→ WORK TO COMPLETE
Exactly the lines from the one containing "spring memes - all" through the one containing "Kaeptn Brass App 8 Дирхаген" in the listing below are to be copied, with the pictures left out.

RECORDS SUPPLIED START

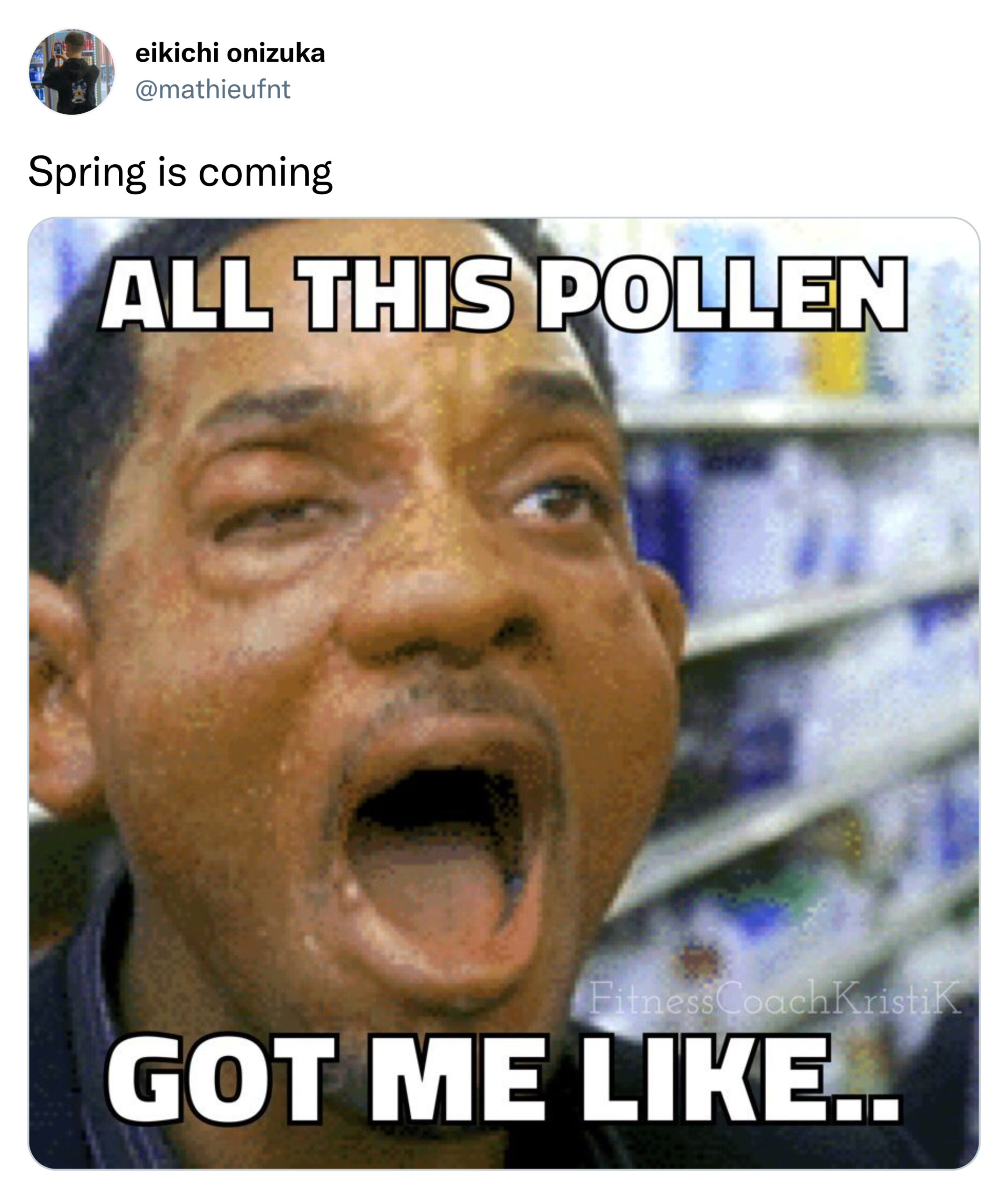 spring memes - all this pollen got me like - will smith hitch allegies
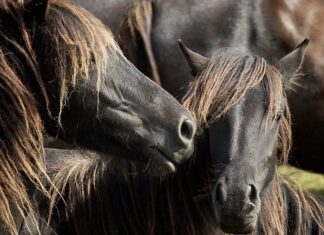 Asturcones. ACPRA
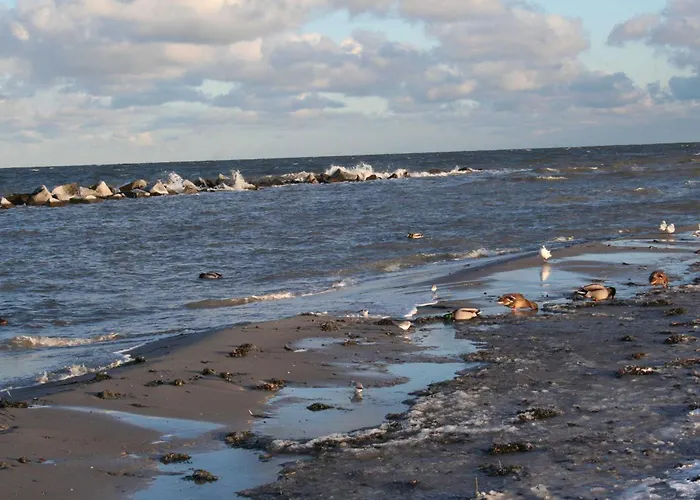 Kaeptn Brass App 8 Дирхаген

RECORDS SUPPLIED END
RECORDS SUPPLIED START

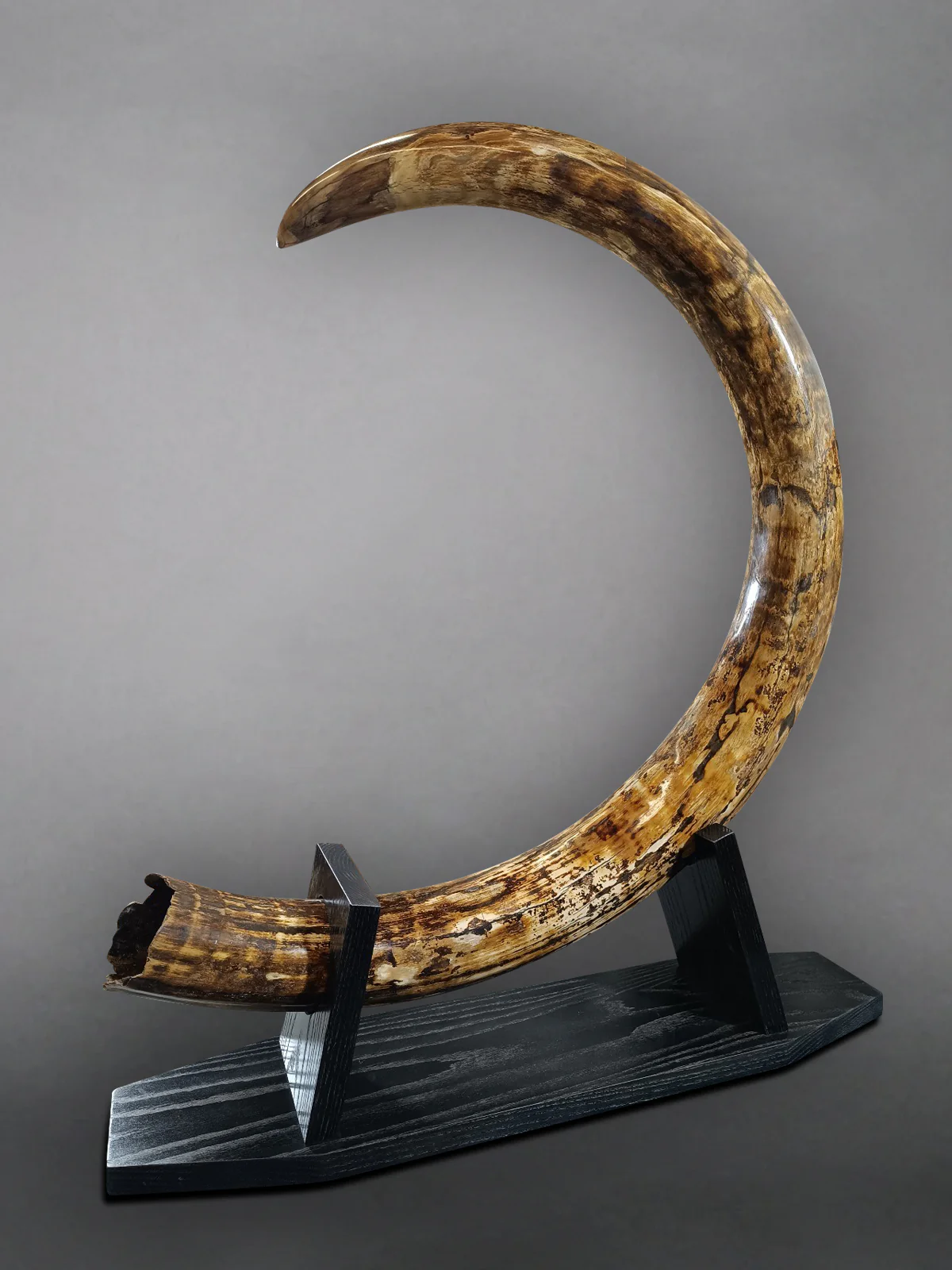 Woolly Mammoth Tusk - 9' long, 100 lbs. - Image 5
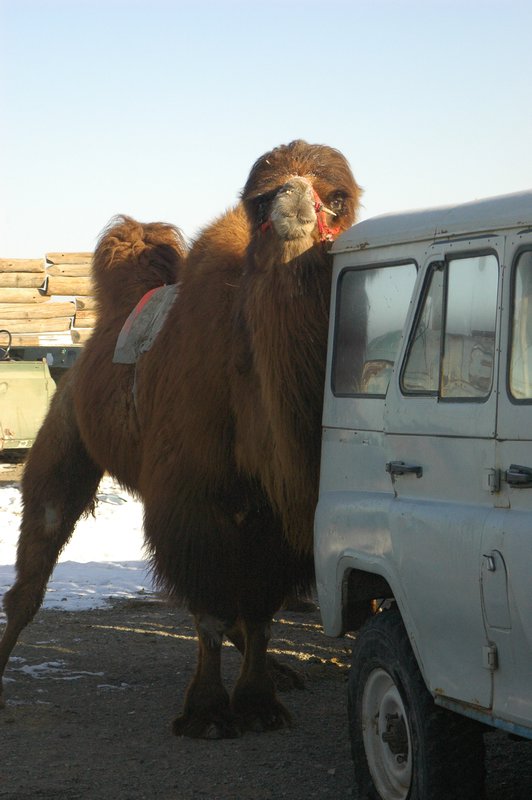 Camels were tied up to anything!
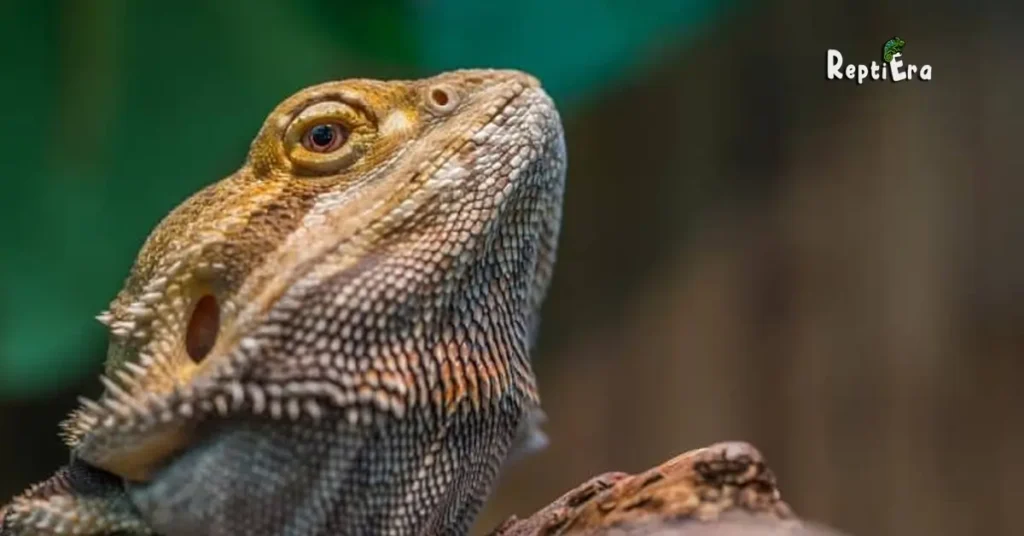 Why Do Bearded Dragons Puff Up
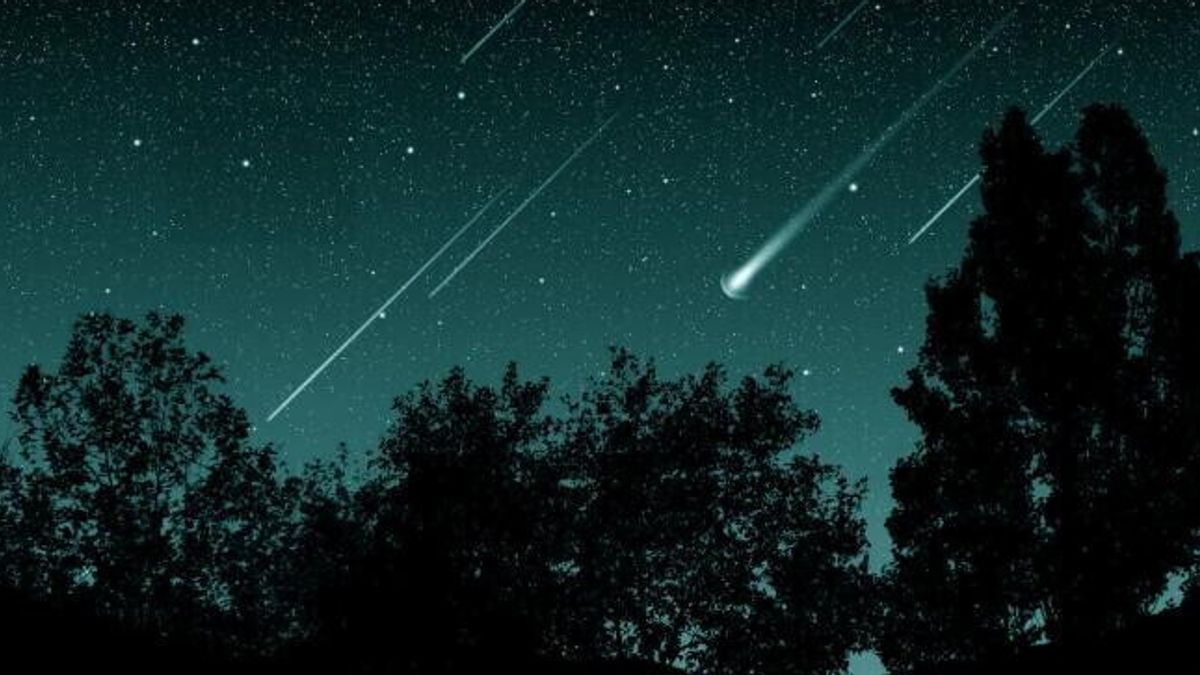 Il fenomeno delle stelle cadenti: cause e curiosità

RECORDS SUPPLIED END
RECORDS SUPPLIED START

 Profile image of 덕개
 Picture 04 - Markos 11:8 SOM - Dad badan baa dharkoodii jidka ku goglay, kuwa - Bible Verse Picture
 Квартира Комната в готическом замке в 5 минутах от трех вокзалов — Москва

RECORDS SUPPLIED END

→ ANSWER TO THIS EXERCISE
 spring memes - all this pollen got me like - will smith hitch allegies
 Asturcones. ACPRA
 Kaeptn Brass App 8 Дирхаген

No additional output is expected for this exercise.